The solution: Kalle stresses the importance of router encryption. “You always hear about data theft, and it’s so easy to enable security these days,” he says. Since today’s routers have security enabled out of the box, users don’t have to worry about configuring it. But don’t disable encryption, even if doing so may speed up your Wi-Fi a little.
6. Old Firmware
Why upgrade your router’s firmware? Well, for performance improvements and occasionally a new feature or two.
“Whenever you have a problem, check to see if you have good firmware. Sometimes there are little bugs out there, and the router manufacturer may already have a fix,” says Kalle.
When you buy a new router, it’s always a good idea to check for the latest firmware as well.

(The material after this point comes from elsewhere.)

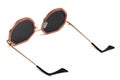 A pair of sun shade spectacles glasses with octagon glass piece and gold frame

The solution: Keep your firmware up-to-date. With older devices, you’ll have to access the router’s administrative interface–typically through a Web browser–to check for updates. The process is getting easier, though. “Our routers have an application–it’s almost like iTunes–that tells you whenever there’s new firmware available,” says Kalle. “The user can update by just pushing a button.”
Although the workings of your router may seem mysterious, following these simple tips can go a long way toward keeping your home wireless network in working order.